Smith only pops up about 50 minutes in for a short time, 12 minutes or so. His focus ends up being on Herrmann’s score, explaining how the composer came to be involved in the project, what inspired him, and how some of the effects in his score were created, including how Herrmann incorporated the hum of telephone wires. Criterion also includes a multimedia essay (under the menu’s supplement section labeled “Scratch’s Black Book”) covering Herrmann’s score, entitled “The Devil” in Context, assembled by Christopher Husted. Made up primarily of text and presented in a gallery format divided into seven sections, the essay covers Herrmann’s background and the influences on the film’s score, from folk music to lullabies and more. Scatter throughout are options to play clips providing a sample of Herrmann’s score to provide context. I always liked these presentations (a holdover from LaserDisc) and do miss them, and this one has been nicely assembled. (As a note, my Panasonic UB820 4K player would only allow me to page forward through the text notes. Hitting the back option would result in being thrown to some random page. I did not try on another player.)

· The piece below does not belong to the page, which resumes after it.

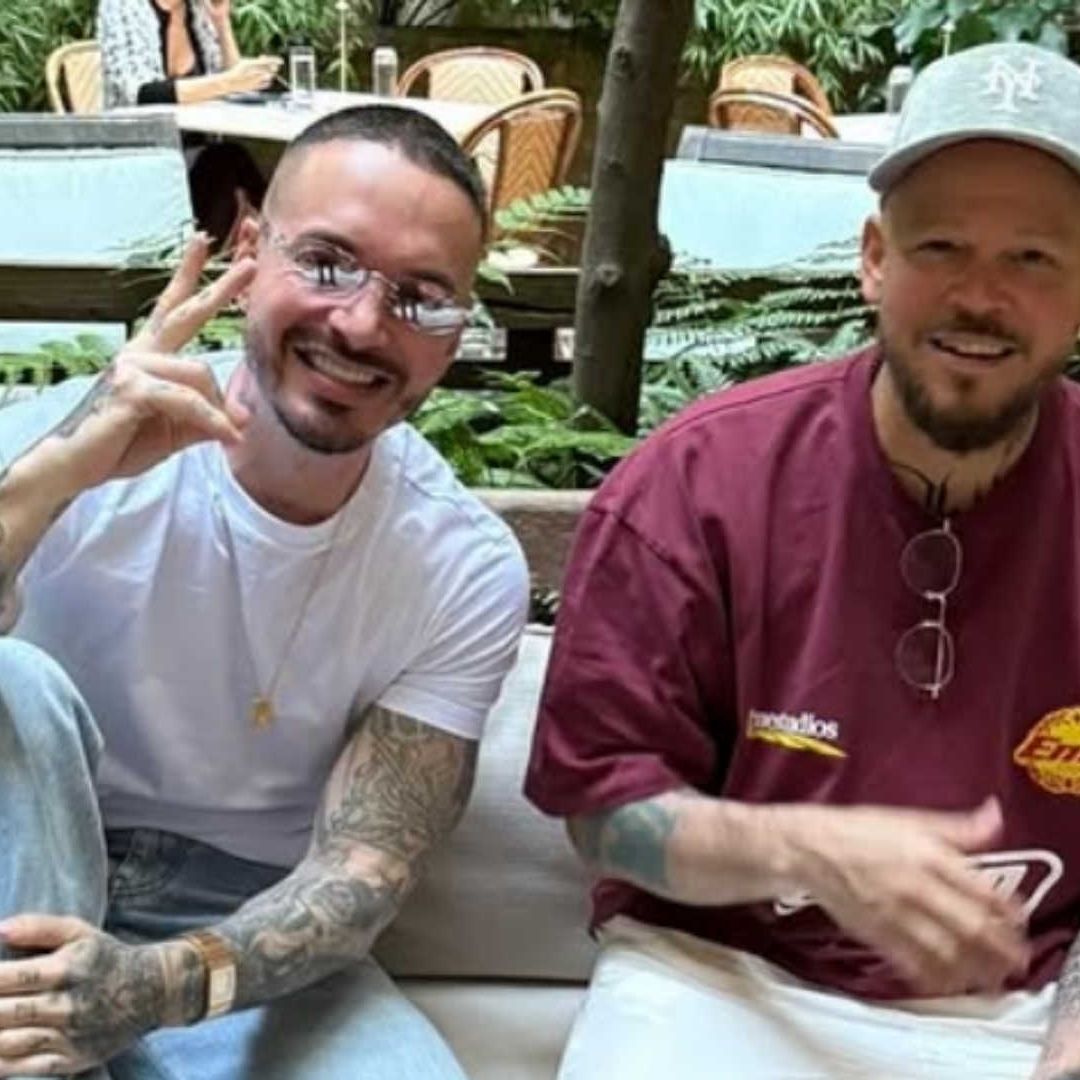 J Balvin y Residente publican foto juntos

The supplement section also offers a 5-minute video presentation comparing the film to a preview cut entitled Here Is a Man. The feature includes comparisons for a few sequences (and the opening credits with the alternate title) with slightly different edits. Two of these sequences also feature subliminal inserts of Huston’s Mr. Scratch.

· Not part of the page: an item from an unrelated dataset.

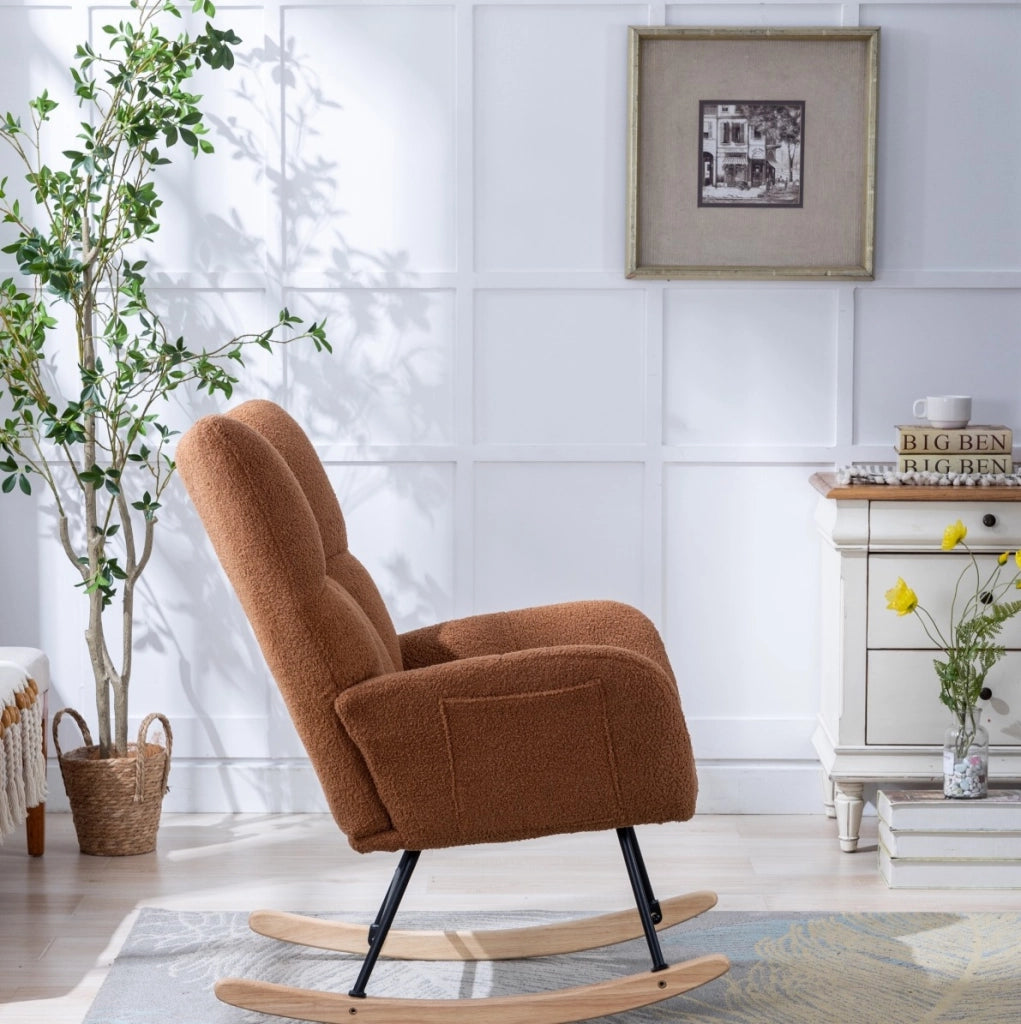Sedia a dondolo in tessuto teddy marrone con base in legno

You’ll also find a few audio features, including two radio adaptations: one for The Devil and Daniel Webster and the other for Daniel Webster and Sea Serpent, running 29 minutes each and created for CBS Radio’s Columbia Workshop. Alec Baldwin also pops in to read the original Stephen Vincent Benét short story, running 34 minutes. I assume Baldwin's participation was based on his attempt at directing a remake that was ultimately plagued by production issues, including the F.B.I. looking into fraud. (The film would eventually be released as Shortcut to Happiness with Baldwin's name removed as director.)
The supplements then close with a small gallery featuring production photos (including an on-set birthday party) and a couple of posters featuring the original title, All That Money Can Buy.
It is a lot of static content, and the material could use an update, but it's okay for what it is, with Eder's track being solid on its own.
The film is long due for a revisit with an updated restoration and a new batch of features. Until then, the DVD holds up shockingly well thanks to an incredibly sharp standard-definition presentation.